呼吸を許され、息絶え絶えになりながらも、意識は急浮上する。
折角気持ちよくイけると、尻尾で扱かれながら射精出来ると思っていたのに、不完全燃焼。
「……うふふ、いつもよりビクビクしてた。へんたい。
そんなに精液出したかったの……?」
「っ……はぁ……だし、たかった……も、っかい、イかせて……出させて……なんでもするからっ……」
絶頂させてはくれたけど、精液を放てなかったせいで、むしろ、もどかしさはさらに膨れ上がってしまって。
さっきよりも必死に、リトリアに慈悲を懇願する。
「ふふふ…………何でもするって言ったわね。
じゃあ……私の気が済むまで……好きな時に、好きなように……アナタを好きにしちゃうし……シて欲しい事、なんでもシて貰おうかしら……♪」
「す、好きにしていいからっ……」
段々と上機嫌になりつつあるリトリア。此処ぞとばかりに、要求を突きつけてくる。
その要求は、リトリアの言いなりになれという物。しかし、俺の欲望を満たしてくれるのがリトリアだけである以上、決して逆らえない。俺を気持ちよくイかせてくれるのは、リトリアだけなのだ。

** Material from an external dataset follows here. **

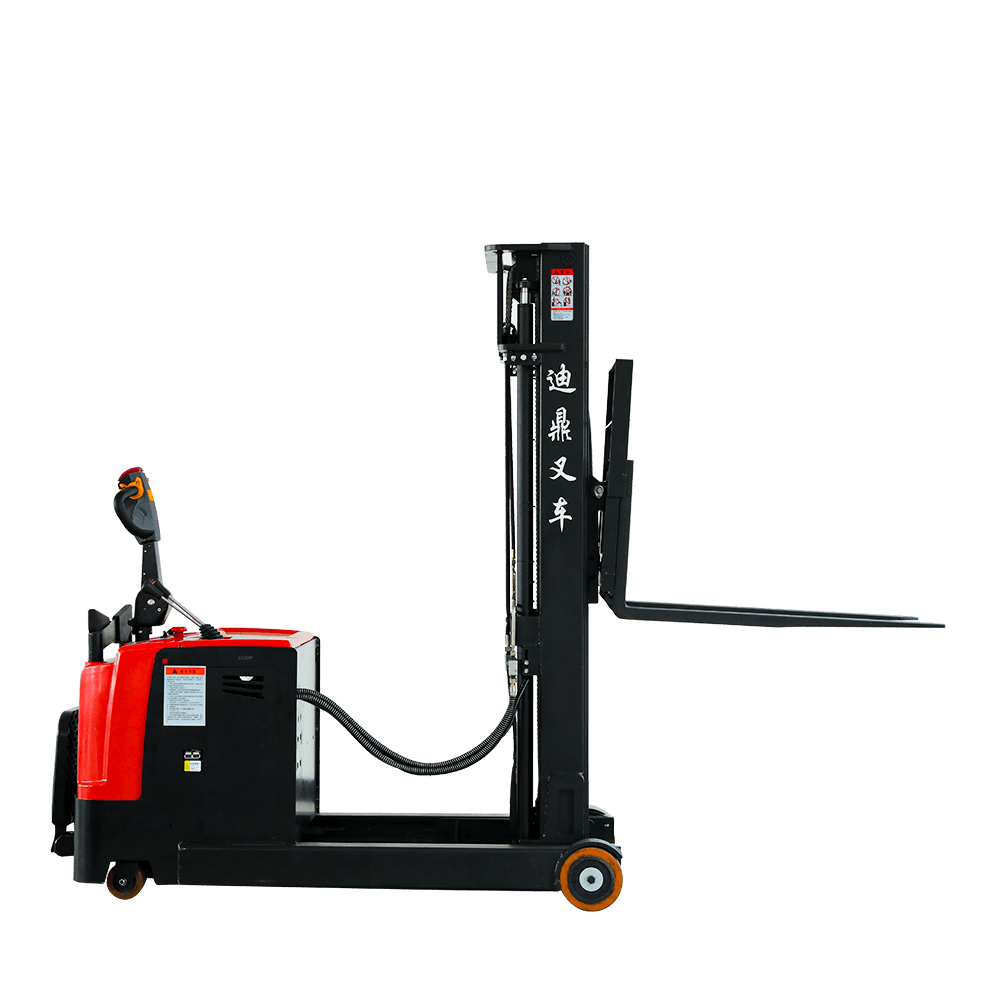 CQDA Reach stacker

むしろ、俺を手中に収めたいがために、此処まで焦らしてくれたのだとさえ思えてしまう。愛おしい。
「うふふ、ふふふ……じゃあ、手始めに……三日三晩は犯してあげるわっ……お望み通り、ナカでイかせてあげて、子宮に精液びゅるびゅる出させてあげてあげるっ……途中で音をあげても、容赦してあげないんだからっ……」
嫉妬と同じく、情欲の炎を燃え上がらせるリトリア。三日三晩、という言葉に嘘偽りはないと確信させるものがあって。しかも、三日三晩犯されて、まだ手始め。この先どうされてしまうのだろうか、と末恐ろしい物がある。
しかし、嫉妬の情を燃え上がらせるその姿は確かに愛おしく、裏返しの愛情を感じて。決して、酷いようにはされないという確信があった。
そしてリトリアは、覆いかぶさるようにしながら、俺を押し倒してきて。ぺろりと舌なめずり。
そして、俺は、蛇に睨まれた蛙のように、肉棒を丸呑みされる瞬間を心待ちにするのだった。